I’ve been listening to Mark Twain’s Puddn’head Wilson on car trips lately. Each chapter heading has a witty Wilson proverb. Some of my favorites are these:
- There is no character, howsoever good and fine, but it can be destroyed by ridicule, howsoever poor and witless.
- Nothing so needs reforming as other people’s habits.
- Few things are harder to put up with than the annoyance of a good example.
- Courage is resistance to fear, mastery of fear—not absence of fear.
“Courage is resistance to fear.” That fits with St Paul’s message to the Philippians. The embattled little community needs courage and character to remain steadfast as new Christians, because they are encountering opponents and facing conflict. Of course they are frightened when threats are made and they see suffering ahead. But they can master their fears by turning to Christ and supporting each other. That needs to be underlined. They need not only courage, but also mutual encouragement. Now is the time for them to put aside any superficial differences and to prepare their hearts by living according to the gospel, “standing firm in one spirit, with one mind striving side by side for the faith of the gospel” (Phil 1:27).
When they live like that, their bravery in the face of fears will embolden others. What’s more, their courage will be a witness to Christ, prompting others to wonder how it is that such otherwise weak human beings can be so steadfast and bold. And that’s really the aim of mission, to raise questions in people’s minds that can only be answered by Christ.
With the Clergy of ROCOR and the Moscow Patriarchate
The meetings this week with the bishops were productive and good. There are always difficult matters to address and contentious items on the agenda, but without sounding too toady, I was impressed with the general good humor, pastoral sensitivity and professionalism of the bishops as they made their way through the work in front of them.

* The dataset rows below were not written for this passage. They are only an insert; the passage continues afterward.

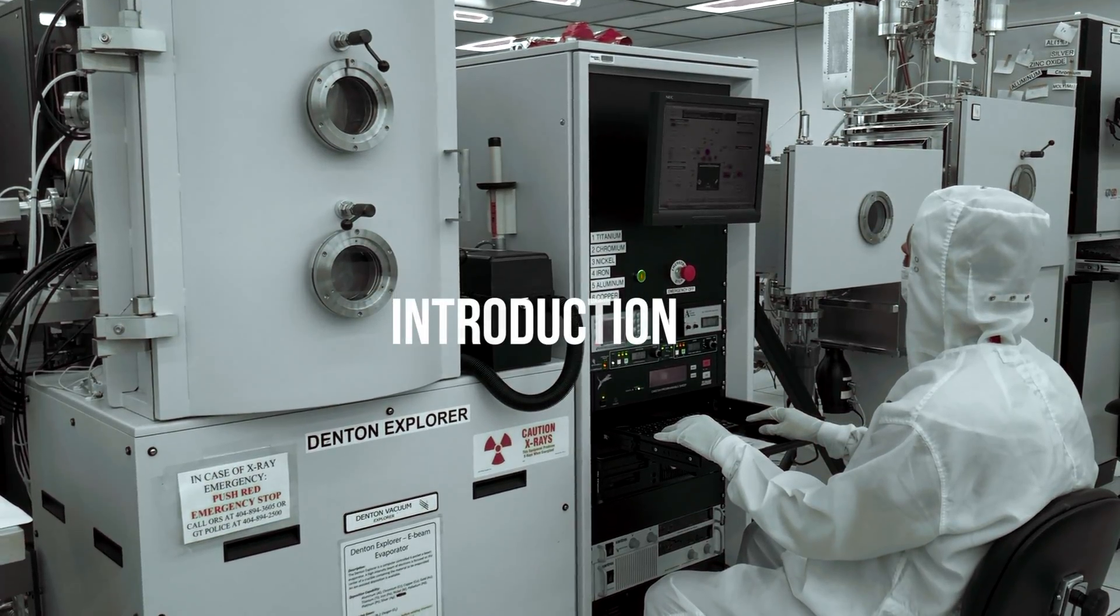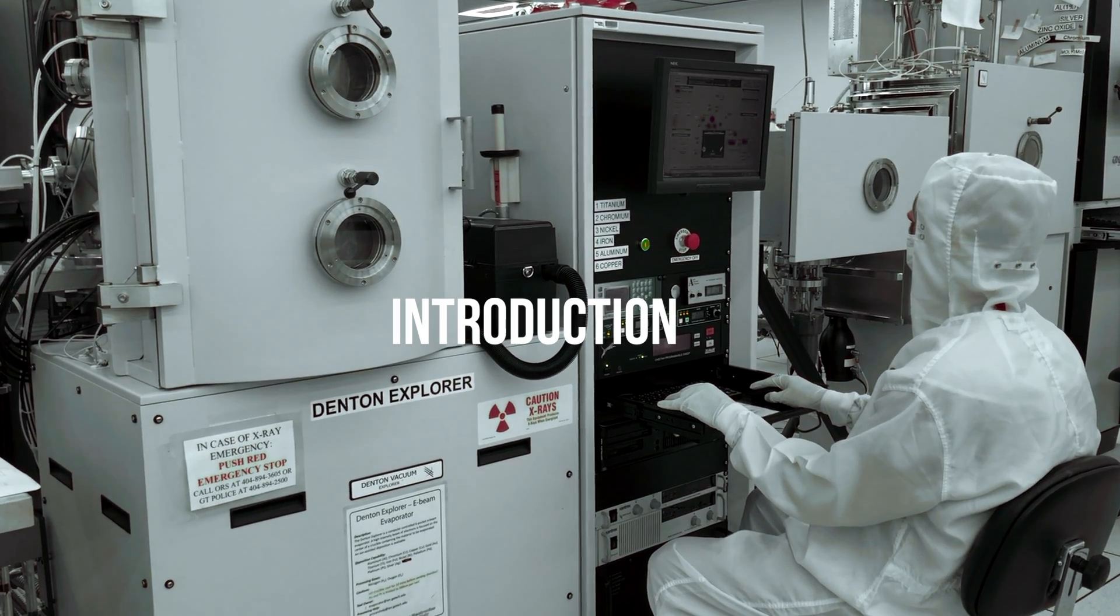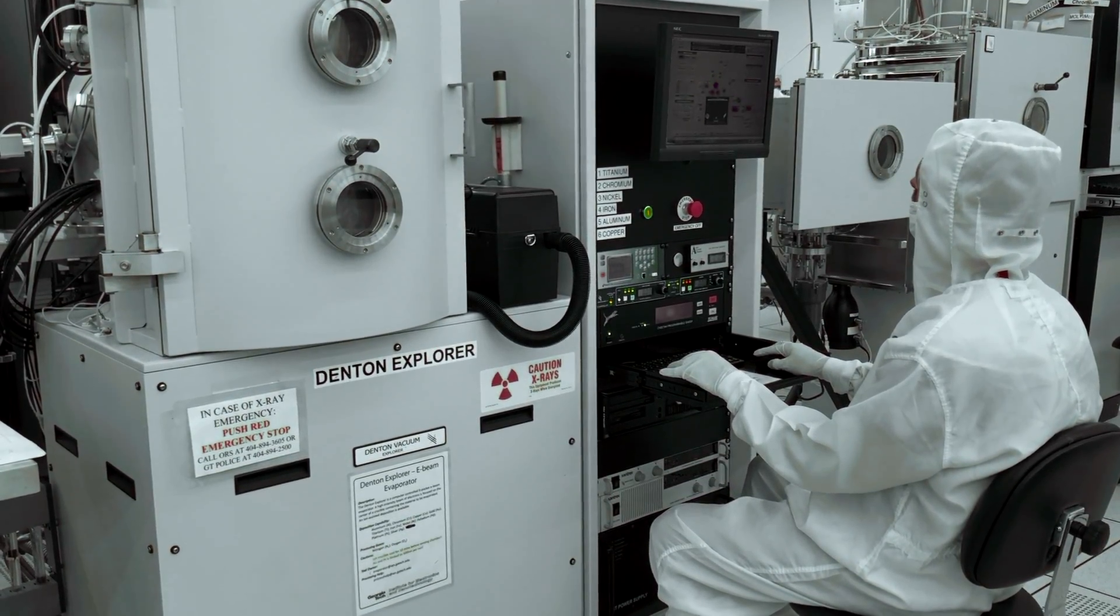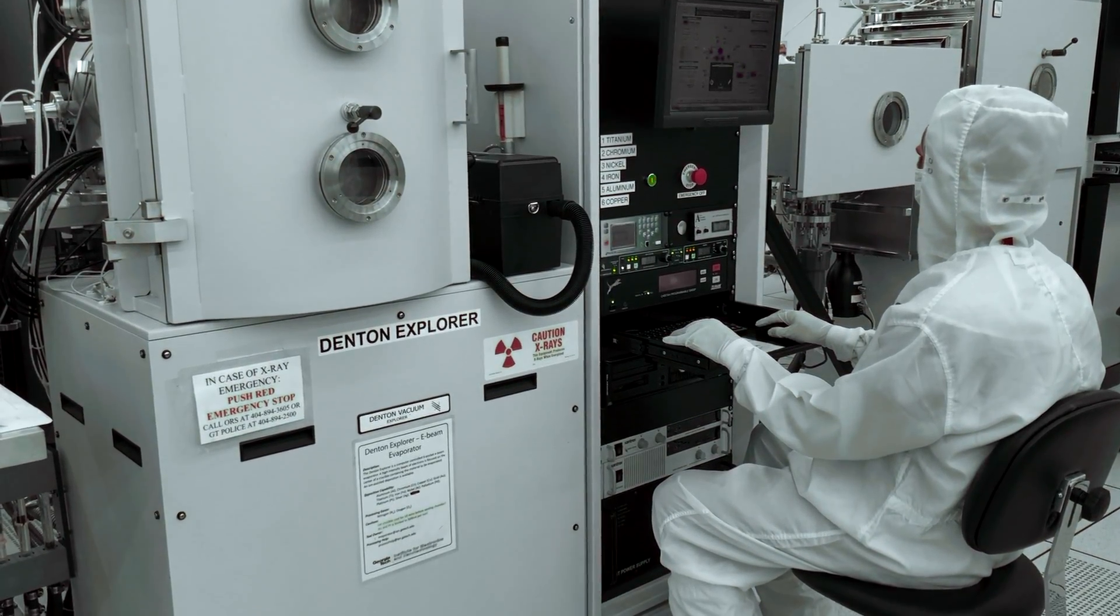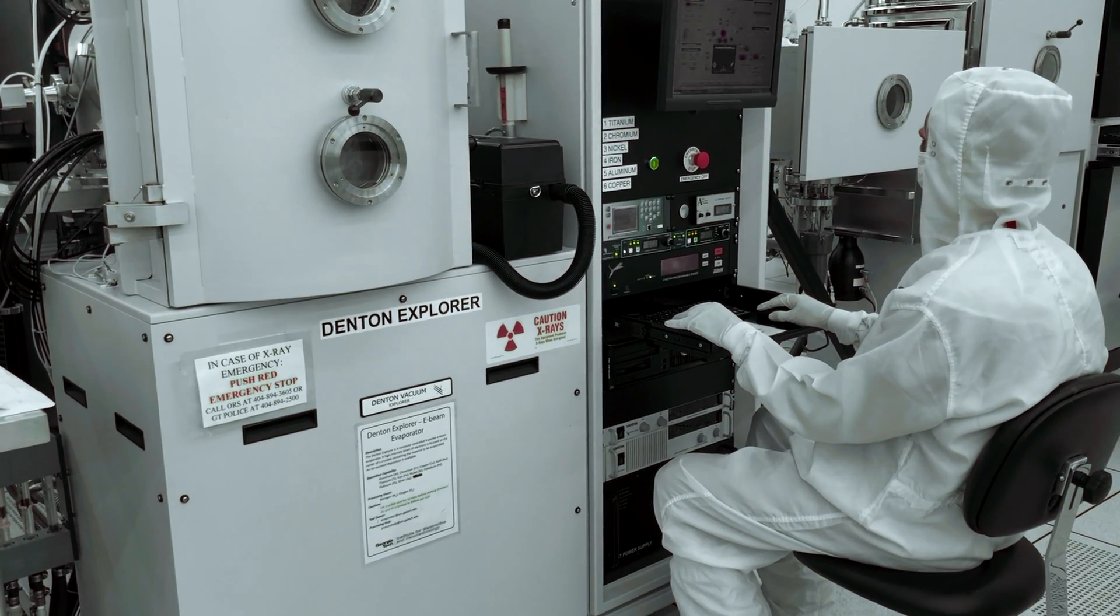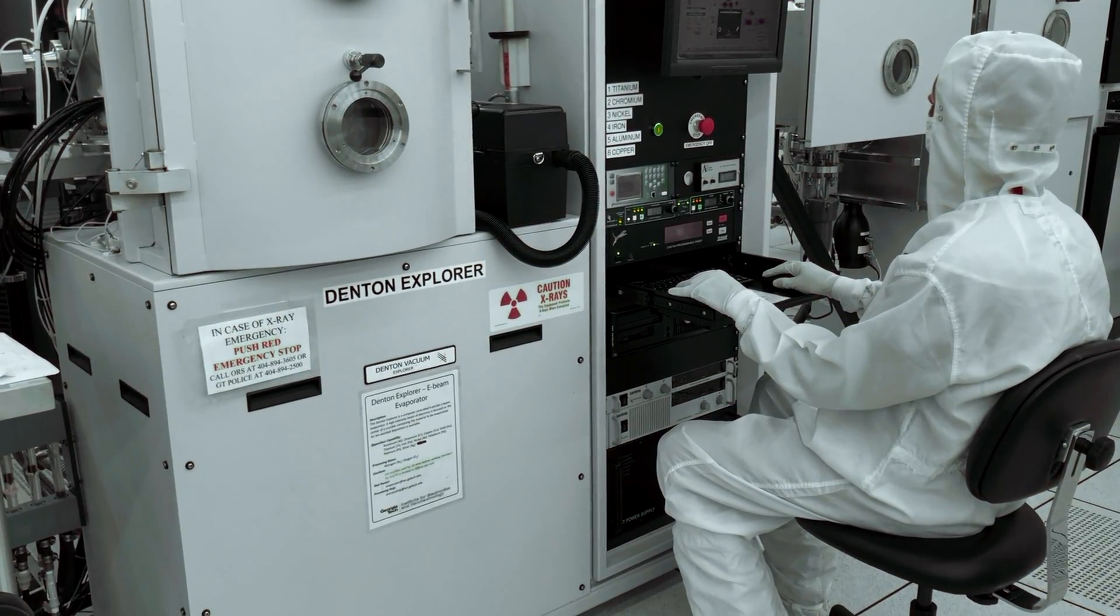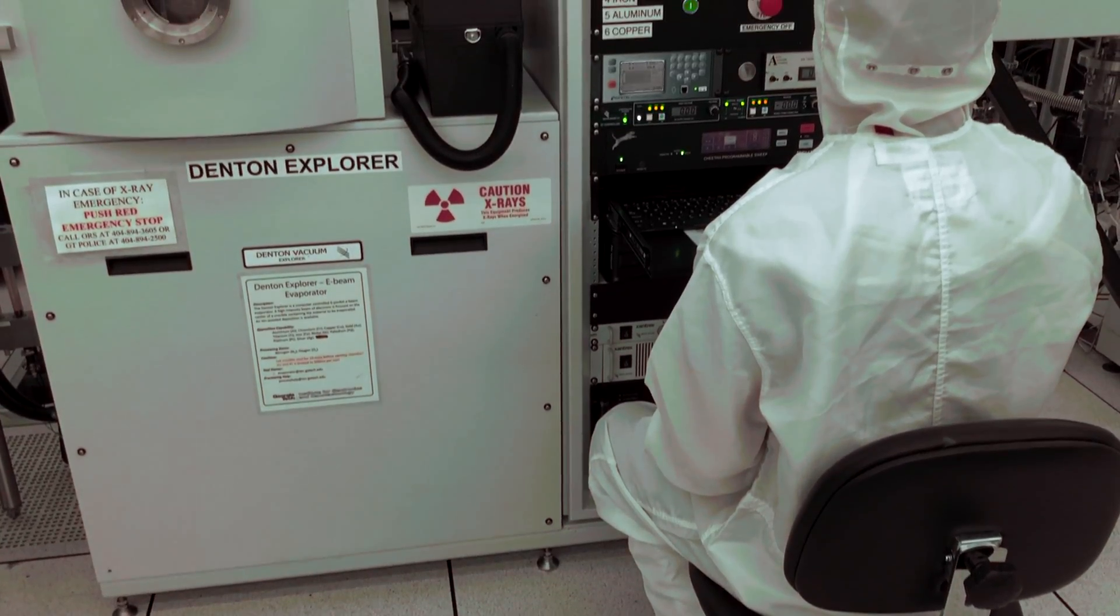The Denton Explorer is a six pocket e-beam evaporator system used to coat samples with various metals. A high intensity beam of electrons is focused on the center of a crucible containing the material to be evaporated.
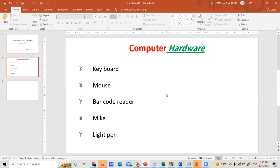That is the way you can insert bullets and numbers for your presentation.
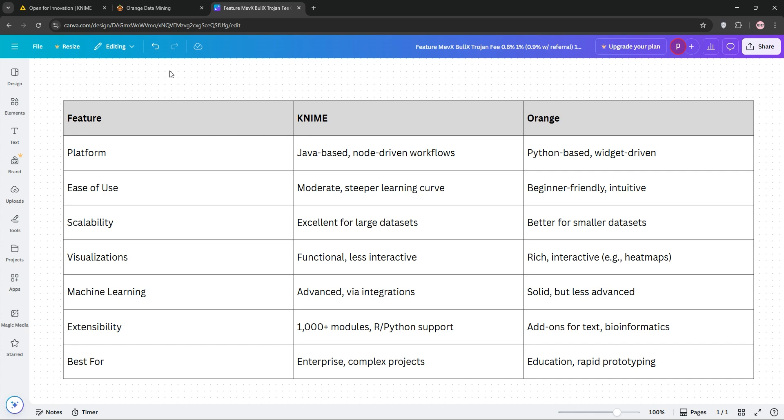So, which is better? Choose KNIME for robust, scalable data pipelines and professional settings, and pick Orange for fast, fun, and beginner-friendly data exploration. Try both to see what fits your workflow. Thanks for watching, like and subscribe for more data science tips, and I'll see you in the next video.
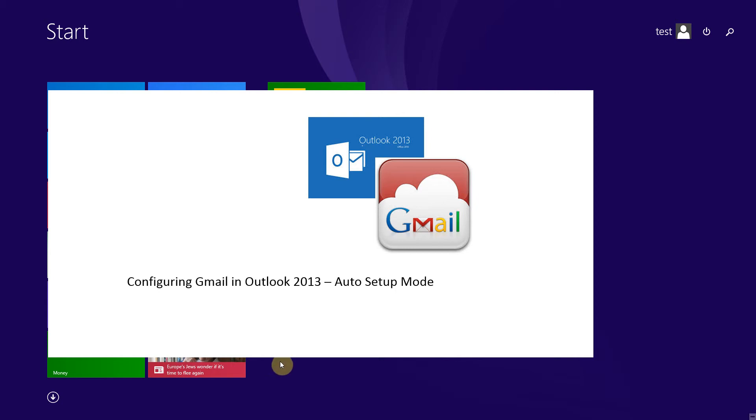Hi, in this video I will explain how to set up Gmail in Microsoft Outlook 2013 using Auto Account Setup.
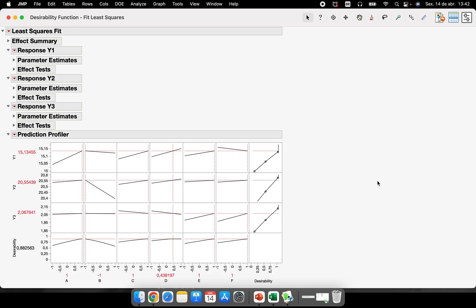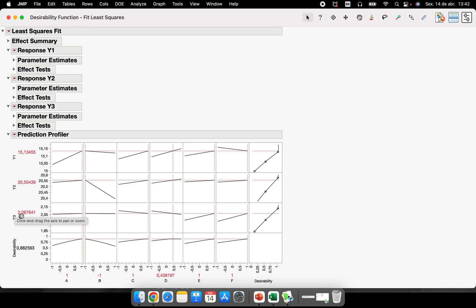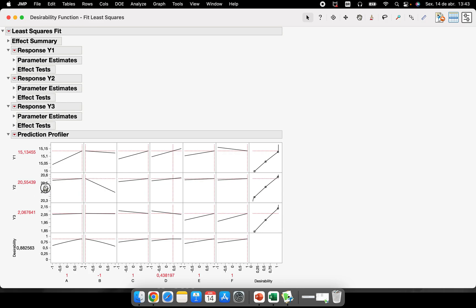Let's understand why this isn't 100% desirability. Take factor D: we could maximize response variable one, but if we move D to the right, we minimize response variable three. This is why JMP found a very good solution but not total desirability. The default lines are set to maximize all response variables, but you can customize them with specification limits.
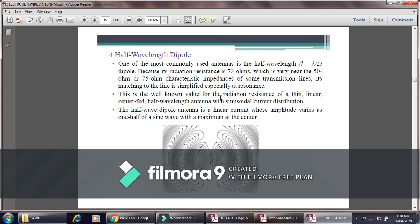For the half-wave dipole antenna, the radiation resistance is 73 ohms, which is very close to the standard characteristic impedance values of 50 ohms or 75 ohms. This is the well-known value of the radiation resistance for a thin wire center-fed antenna with sinusoidal current distribution. For the half-wave dipole, the current is linear with amplitude varying as one half of the sine wave, maximum at the center.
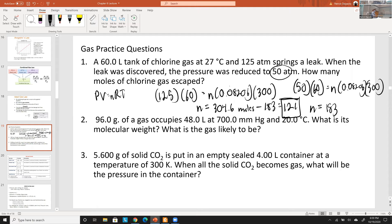An alternative approach: subtract the pressures first (125 − 50 = 75 ATM), then plug that pressure difference into PV = nRT once to find the moles that escaped directly. That's more efficient. There are often multiple valid approaches, so understand each state and the differences between them.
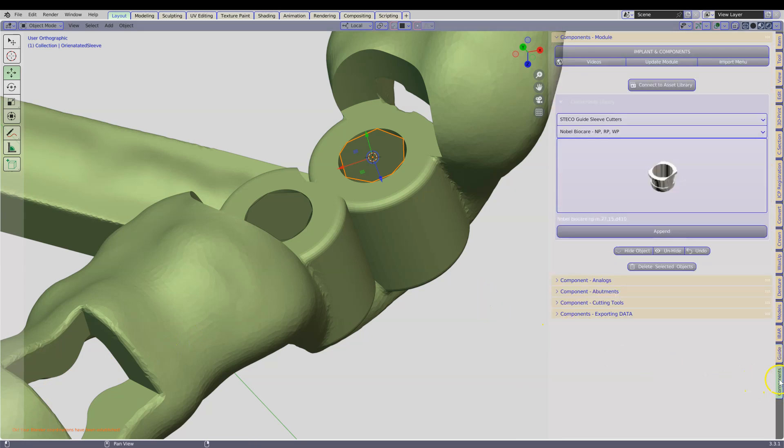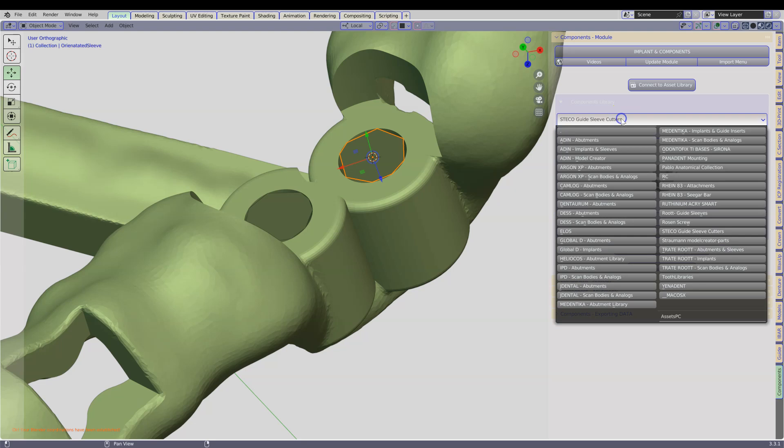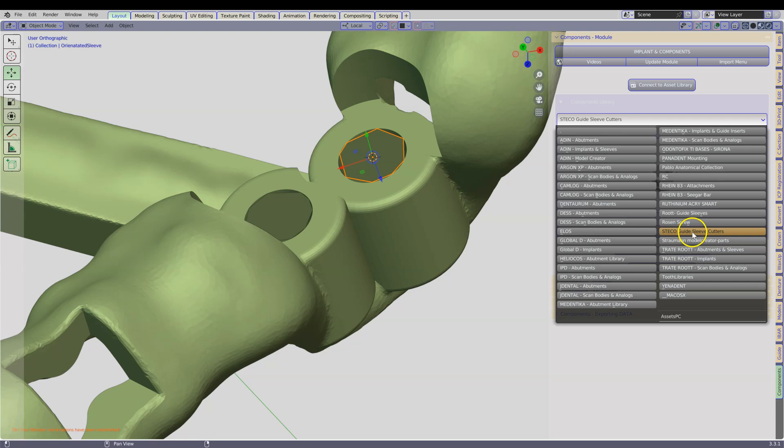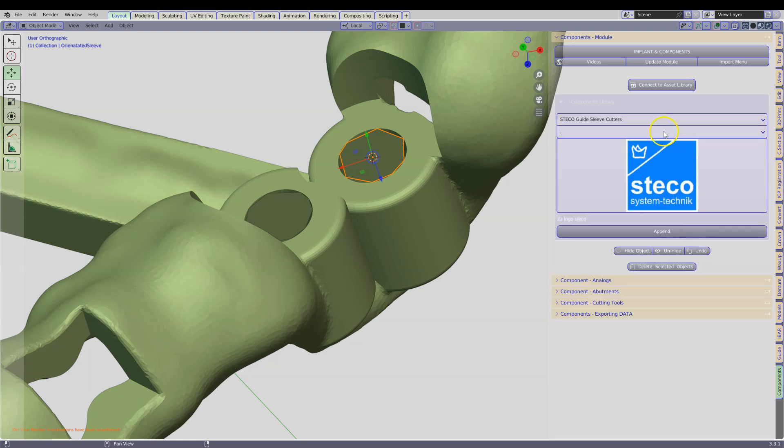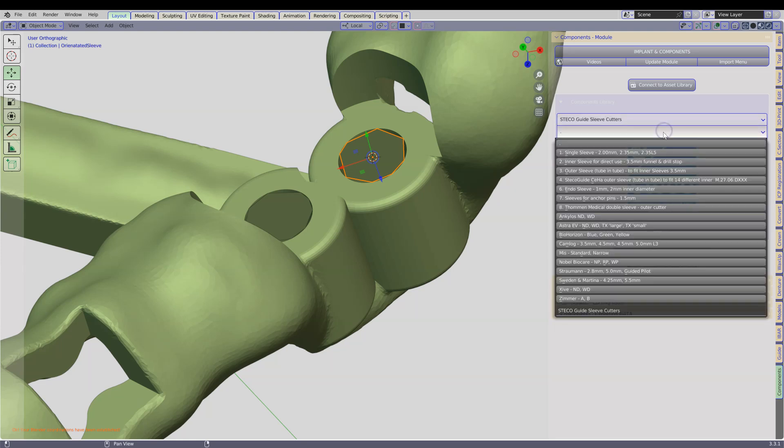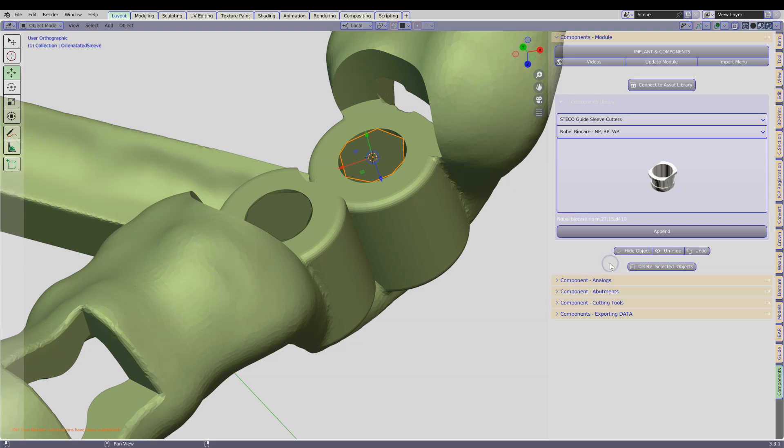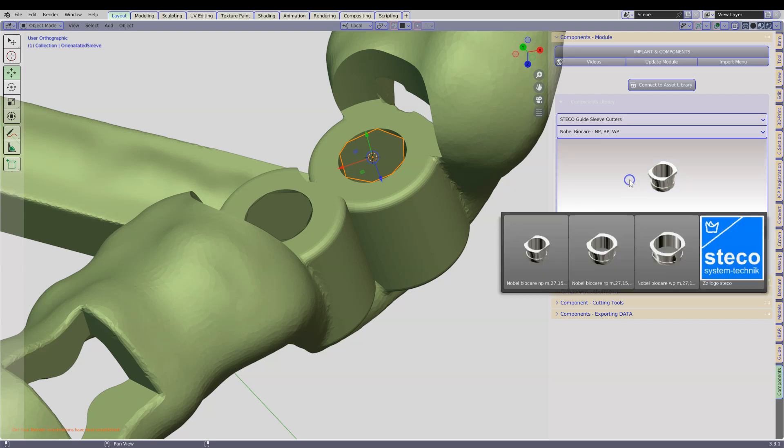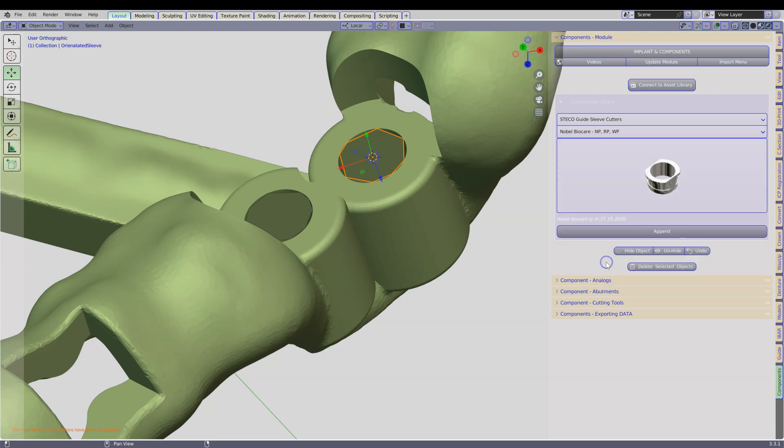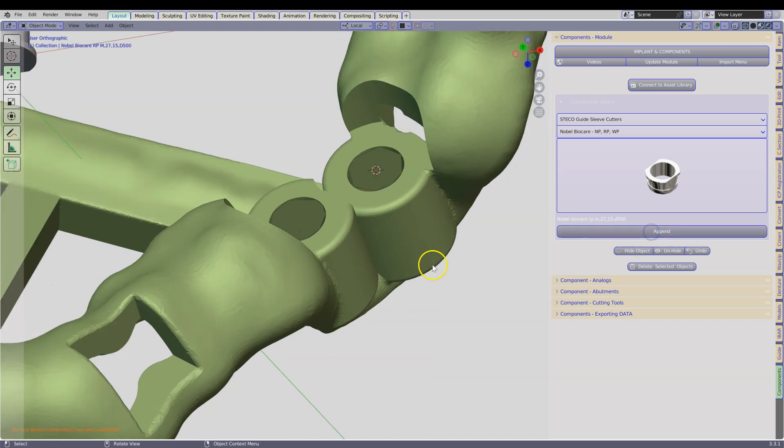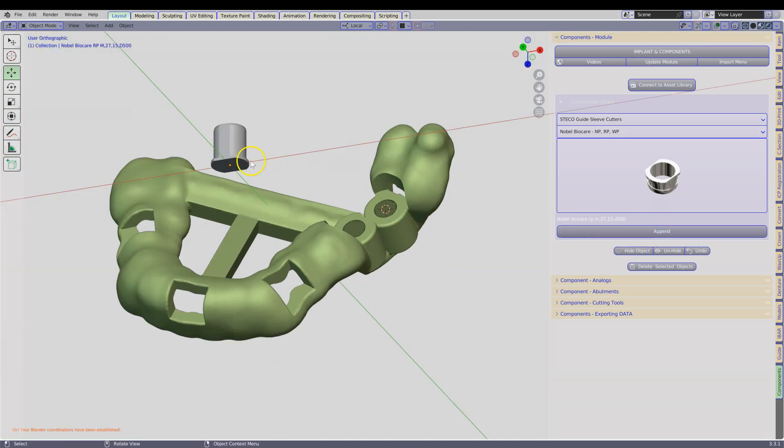Go to your components module and look for the cutter that you need for the metal insert. In this case Stecco, we are going to go to the Noble Bio Care and we are going to choose the regular platform.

After the meetings I drove to Hoboken, New Jersey to join about 150 or so ROCOR and MP clergy and their wives boarding the ship “Destiny” for a dinner-cruise. It was a privilege to be with them. They are celebrating the 5th anniversary of reunification and are in the middle of their first joint pastoral life conference. Metropolitan Hilarion (ROCOR), Archbishop Justinian (MP) and other hierarchs were there as well as the Russian Consul-General and his wife. Father Serge Lukianov (Secretary of ROCOR’s Eastern American Diocese) welcomed everyone, and there were remarks from Mark Selawry, Executive Director of the Assistance Fund for ROCOR which helped sponsor the event, but otherwise the four-hour cruise was devoted to food, drink, fellowship, conversation and Russian entertainment. Today they will go back to serious topics of pastoral life, but last evening I was struck by the organic Russian convivial spirit that prevailed, focused around traditional Russian singing and dancing. That’s probably natural for all Orthodox cultures, and I hope that over time we Orthodox in America will develop our own natural culture of celebration that combines the best of all the cultures we together bring to Orthodox Christian life.
I was grateful for the invitation and look forward to ever closer relations with our brothers and sisters in ROCOR and the Moscow Patriarchate.